START Dataset

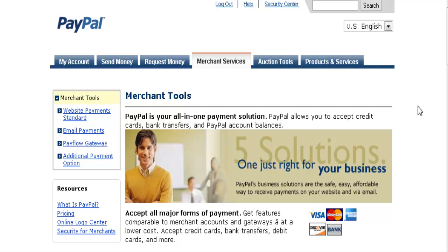This video is going to show you how to create your own PayPal payment buttons and how to add your download link to that. It will also show you how to customize your image. First thing you're going to need is a PayPal account - you need either a business or a premier account.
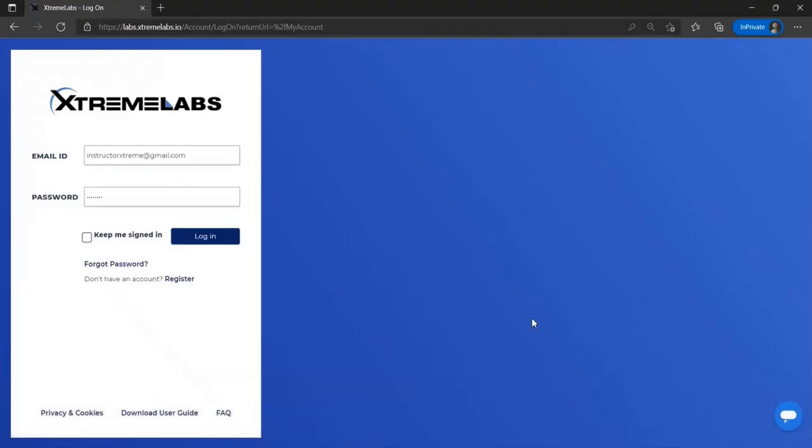Thank you for joining us as we take a look at the Xtreme Labs lab environment. First, we're going to go over logging in, redeeming an access code, and then finally launching a lab.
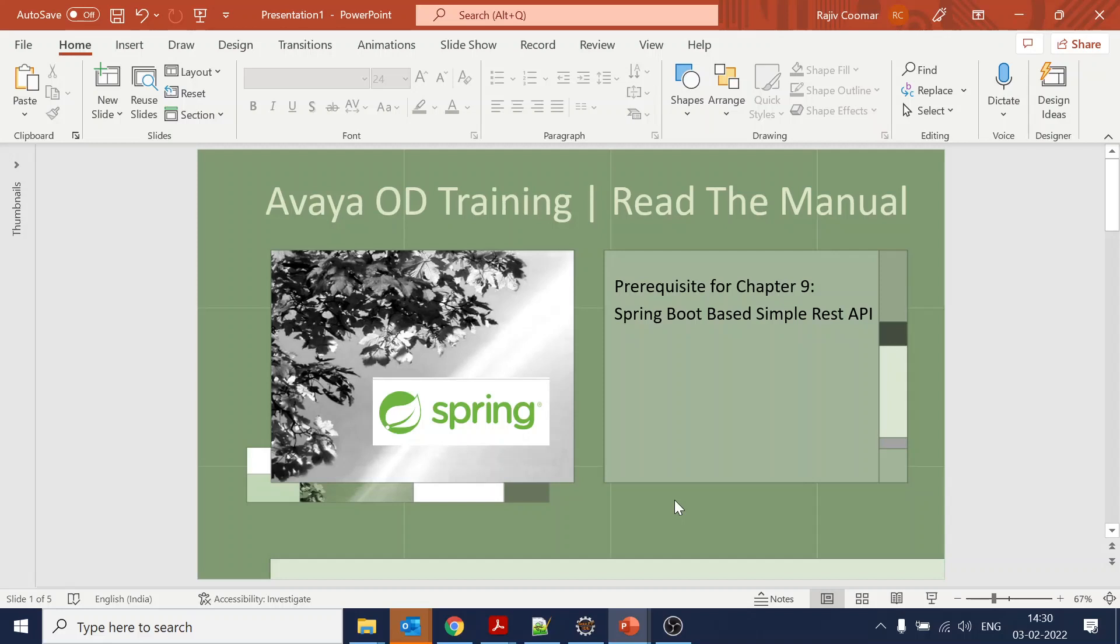Hi guys, today's video is about Spring Boot - how to develop a simple REST web service API. This is part of Avaya OD training, and we are going to create a very simple Spring Boot REST API.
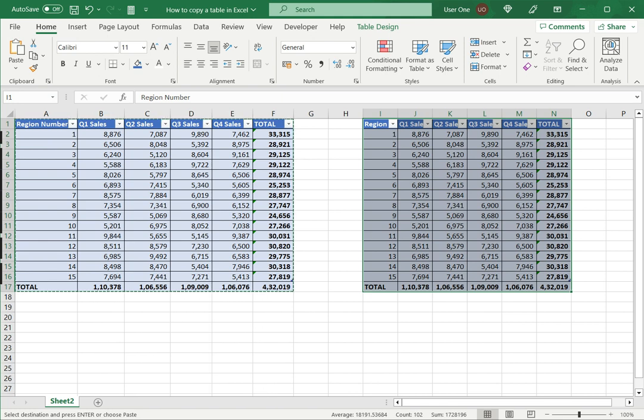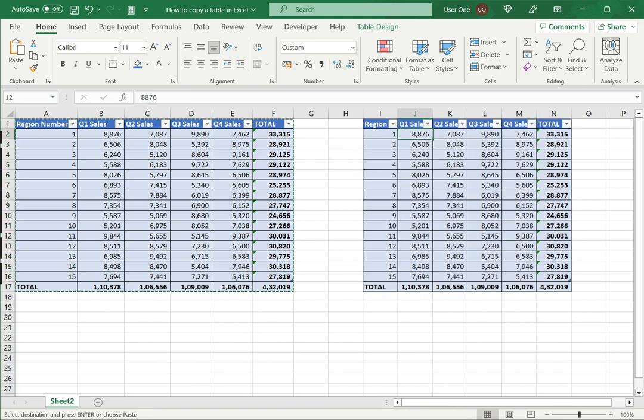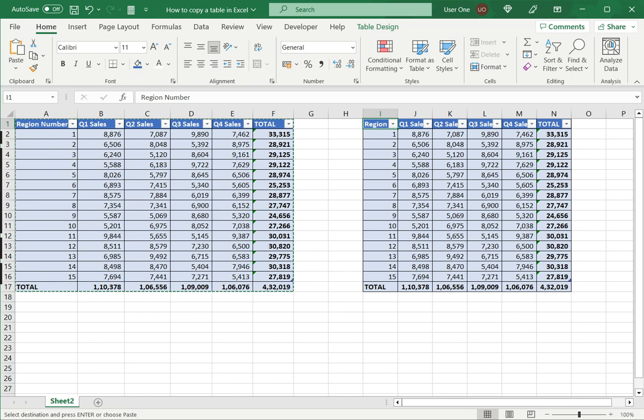So now you can see that the table has been duplicated. I can then proceed to make the changes or to maybe just delete the original table. This is how to copy a table in Excel. Please read the appended article for further guidance.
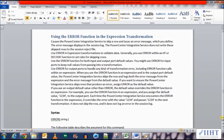Hey guys, hope you're all good. Today we've seen a few examples of the expression transformation functions. This lecture is a continuation of that, and today we'll be looking at the error function, which is used in expression transformations. The error function causes the PowerCenter Integration Service to skip a row and issue an error message which you define. The error message displays in the session log.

END Dataset

> _About this task_: Each line above should be written out again unchanged; no images are to be carried over.

> _Task response_:
This video is going to show you how to create your own PayPal payment buttons and how to add your download link to that. It will also show you how to customize your image. First thing you're going to need is a PayPal account - you need either a business or a premier account.
Thank you for joining us as we take a look at the Xtreme Labs lab environment. First, we're going to go over logging in, redeeming an access code, and then finally launching a lab.
Hi guys, today's video is about Spring Boot - how to develop a simple REST web service API. This is part of Avaya OD training, and we are going to create a very simple Spring Boot REST API.
So now you can see that the table has been duplicated. I can then proceed to make the changes or to maybe just delete the original table. This is how to copy a table in Excel. Please read the appended article for further guidance.
Hey guys, hope you're all good. Today we've seen a few examples of the expression transformation functions. This lecture is a continuation of that, and today we'll be looking at the error function, which is used in expression transformations. The error function causes the PowerCenter Integration Service to skip a row and issue an error message which you define. The error message displays in the session log.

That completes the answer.